Die Fahrt zum „Ende der Welt“ war unvergesslich – begleitet von den letzten Abendstrahlen der Mitternachtssonne und einer faszinierenden Landschaft, in der wir noch Arktische Seeschwalben und weitere Rentiere sichten konnten. Um 1 Uhr nachts waren wir zurück im Hotel, überwältigt von den Eindrücken des Tages und der unglaublichen Aussicht vom Nordkap-Plateau.

6. Tag | Donnerstag, 10. Juli: Nordkap – Karasjok – Kautokeino

Heute ging es zurück gen Süden, und die Landschaft wechselte dramatisch. Wir verliessen die karge arktische Tundra und fuhren in die dicht bewaldeten Weiten Lapplands.

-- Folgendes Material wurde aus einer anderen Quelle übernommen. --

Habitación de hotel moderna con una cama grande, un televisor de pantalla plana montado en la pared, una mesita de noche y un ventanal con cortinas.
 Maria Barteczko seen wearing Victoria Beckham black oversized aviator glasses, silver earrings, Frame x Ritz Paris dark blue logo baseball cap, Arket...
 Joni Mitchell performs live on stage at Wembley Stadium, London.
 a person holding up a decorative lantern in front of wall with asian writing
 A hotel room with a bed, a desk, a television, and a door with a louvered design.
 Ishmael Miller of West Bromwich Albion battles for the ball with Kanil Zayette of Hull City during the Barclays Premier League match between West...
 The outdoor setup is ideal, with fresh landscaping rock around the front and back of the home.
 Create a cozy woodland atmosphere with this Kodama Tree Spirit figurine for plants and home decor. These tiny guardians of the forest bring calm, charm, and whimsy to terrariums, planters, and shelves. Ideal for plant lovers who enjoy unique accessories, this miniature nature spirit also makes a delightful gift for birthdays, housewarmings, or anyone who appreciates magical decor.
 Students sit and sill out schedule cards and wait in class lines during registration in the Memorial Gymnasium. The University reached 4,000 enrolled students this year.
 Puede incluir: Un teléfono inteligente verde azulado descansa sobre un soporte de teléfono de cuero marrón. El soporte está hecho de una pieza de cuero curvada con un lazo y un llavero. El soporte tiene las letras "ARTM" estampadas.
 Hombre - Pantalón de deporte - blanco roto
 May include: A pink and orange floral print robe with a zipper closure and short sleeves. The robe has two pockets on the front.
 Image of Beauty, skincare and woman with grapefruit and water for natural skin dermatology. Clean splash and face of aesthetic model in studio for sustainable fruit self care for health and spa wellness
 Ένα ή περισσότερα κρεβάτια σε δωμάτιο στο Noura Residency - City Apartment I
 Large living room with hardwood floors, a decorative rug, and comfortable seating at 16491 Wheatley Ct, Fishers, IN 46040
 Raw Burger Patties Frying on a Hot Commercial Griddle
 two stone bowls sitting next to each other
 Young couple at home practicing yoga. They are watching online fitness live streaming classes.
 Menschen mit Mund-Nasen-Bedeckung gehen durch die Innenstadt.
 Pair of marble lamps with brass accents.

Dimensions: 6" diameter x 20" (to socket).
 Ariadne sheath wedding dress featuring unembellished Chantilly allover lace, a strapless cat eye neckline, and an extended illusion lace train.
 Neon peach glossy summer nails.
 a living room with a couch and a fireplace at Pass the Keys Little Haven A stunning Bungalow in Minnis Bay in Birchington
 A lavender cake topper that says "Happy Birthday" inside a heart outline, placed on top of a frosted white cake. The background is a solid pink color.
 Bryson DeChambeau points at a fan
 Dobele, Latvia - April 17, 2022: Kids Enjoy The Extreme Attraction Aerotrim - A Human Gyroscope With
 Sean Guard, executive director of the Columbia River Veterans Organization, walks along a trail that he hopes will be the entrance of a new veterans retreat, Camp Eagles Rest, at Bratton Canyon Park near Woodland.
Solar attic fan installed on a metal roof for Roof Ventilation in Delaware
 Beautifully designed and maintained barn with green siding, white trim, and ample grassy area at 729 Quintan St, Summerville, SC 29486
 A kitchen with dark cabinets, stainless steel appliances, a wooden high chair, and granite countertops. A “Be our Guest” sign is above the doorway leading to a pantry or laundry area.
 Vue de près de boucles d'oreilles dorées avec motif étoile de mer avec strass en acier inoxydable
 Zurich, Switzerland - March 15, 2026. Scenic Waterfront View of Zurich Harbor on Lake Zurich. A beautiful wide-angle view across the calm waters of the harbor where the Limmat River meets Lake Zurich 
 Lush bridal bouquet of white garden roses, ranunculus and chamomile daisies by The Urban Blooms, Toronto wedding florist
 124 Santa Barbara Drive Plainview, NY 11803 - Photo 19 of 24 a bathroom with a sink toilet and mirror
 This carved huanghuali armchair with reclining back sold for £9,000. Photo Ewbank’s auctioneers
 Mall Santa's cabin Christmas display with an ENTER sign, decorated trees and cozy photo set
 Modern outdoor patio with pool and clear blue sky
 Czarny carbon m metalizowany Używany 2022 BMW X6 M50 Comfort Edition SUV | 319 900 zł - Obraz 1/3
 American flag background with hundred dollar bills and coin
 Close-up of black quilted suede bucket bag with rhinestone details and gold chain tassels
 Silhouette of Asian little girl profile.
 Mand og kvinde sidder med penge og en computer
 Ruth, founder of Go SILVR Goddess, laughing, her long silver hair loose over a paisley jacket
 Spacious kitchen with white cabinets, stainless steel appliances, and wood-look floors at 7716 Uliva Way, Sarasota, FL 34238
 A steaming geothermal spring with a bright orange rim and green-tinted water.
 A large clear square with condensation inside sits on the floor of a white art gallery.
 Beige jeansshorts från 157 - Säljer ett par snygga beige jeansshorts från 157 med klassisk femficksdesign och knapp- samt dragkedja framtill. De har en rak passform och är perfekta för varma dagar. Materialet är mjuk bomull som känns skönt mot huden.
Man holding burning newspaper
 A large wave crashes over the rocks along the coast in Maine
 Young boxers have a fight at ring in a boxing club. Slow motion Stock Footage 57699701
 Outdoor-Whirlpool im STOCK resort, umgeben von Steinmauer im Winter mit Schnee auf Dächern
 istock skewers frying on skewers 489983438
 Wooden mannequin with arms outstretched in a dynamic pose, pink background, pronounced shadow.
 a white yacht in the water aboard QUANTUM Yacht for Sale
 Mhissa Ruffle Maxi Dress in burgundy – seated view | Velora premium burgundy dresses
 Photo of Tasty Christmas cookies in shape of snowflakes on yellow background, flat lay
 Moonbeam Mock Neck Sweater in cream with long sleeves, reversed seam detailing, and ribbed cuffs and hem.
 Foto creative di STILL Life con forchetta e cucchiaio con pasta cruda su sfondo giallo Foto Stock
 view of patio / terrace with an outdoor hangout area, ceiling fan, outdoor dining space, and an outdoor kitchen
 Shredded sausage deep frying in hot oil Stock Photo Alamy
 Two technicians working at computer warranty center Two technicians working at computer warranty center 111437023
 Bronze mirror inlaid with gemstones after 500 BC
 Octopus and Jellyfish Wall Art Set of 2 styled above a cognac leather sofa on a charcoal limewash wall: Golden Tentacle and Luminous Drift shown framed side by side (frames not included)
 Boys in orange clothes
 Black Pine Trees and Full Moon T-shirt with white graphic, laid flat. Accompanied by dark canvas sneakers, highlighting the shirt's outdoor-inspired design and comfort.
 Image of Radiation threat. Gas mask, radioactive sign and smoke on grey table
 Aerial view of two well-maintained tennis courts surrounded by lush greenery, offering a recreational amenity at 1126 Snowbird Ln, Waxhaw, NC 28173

Um 8:30 Uhr starteten wir die Fahrt und fuhren durch den beeindruckenden Nordkapptunnel, der uns unterhalb des Meeresspiegels hindurchführte – ein wahrhaft einzigartiges Erlebnis.


In Karasjok besuchten wir das Freilichtmuseum Sapmi, das uns mit einer spannenden Führung und einem tollen Kurzfilm in die Welt der Samischen Kultur einführte. Es war faszinierend, mehr über die Traditionen, das Leben und die Geschichte dieses faszinierenden Volkes zu erfahren.


Am Abend erreichten wir Kautokeino, einen kleinen Ort, und genossen unser Abendessen in einem echten Sami-Zelt – es gab Rentiergeschnetzeltes mit Kartoffelstock. Die Atmosphäre war unbeschreiblich – es fühlte sich an, als wären wir mitten in der samischen Tradition angekommen. Ein einmaliges Erlebnis, das den Tag perfekt abrundete.

7. Tag | Freitag, 11. Juli: Kautokeino – Hetta – Tromsø

Heute machten wir einen weiteren Abstecher nach Finnisch-Lappland. Die Fahrt begann um 8:30 Uhr, und bald waren wir in Hetta, wo uns ein Schlittenhunde-Zentrum erwartete. Es war faszinierend, mehr über die traditionsreiche Sportart des Schlittenfahrens zu erfahren und die Huskys zu sehen und zu streicheln. Besonders beeindruckend war die Fütterung der Hunde.
Nach dieser spannenden Erfahrung gab es für uns eine Pause mit heisser Schokolade und frisch gebackenem Kuchen – der perfekte Genuss, um aufzutanken.

Auf der Weiterfahrt durch Finnland wurden wir von einer malerischen Landschaft begleitet: unendliche Nadelwälder, kristallklare Seen und sanfte Flüsse zogen an uns vorbei. Finnland zeigte sich von seiner schönsten Seite.
Mit einer Mittagspause in Finnland setzten wir unsere Reise fort und fuhren entlang der finnisch-schwedischen Grenze zurück nach Tromsø. Am Abend hatten wir dann Zeit, die Stadt auf eigene Faust zu erkunden und den Tag ausklingen zu lassen.

8. Tag | Samstag, 12. Juli: Tromsø – Zürich

Der letzte Tag der Reise begann mit regnerischem Wetter in Tromsø. Um 9:00 Uhr fuhren wir zum kleinen Flughafen, wo das Check-in völlig problemlos verlief. Der Flughafen in Tromsø ist wirklich überschaubar, aber sehr angenehm und effizient.


Um 11:05 Uhr hiess es dann Abschied nehmen von Martin, unserem Chauffeur, und wir flogen mit SWISS zurück nach Zürich. Der Flug war mit 3 Stunden und 45 Minuten schnell und ruhig.


Pünktlich landeten wir um 14:50 Uhr in Zürich, wo wir unser Gepäck abholten und uns von der Gruppe verabschiedeten.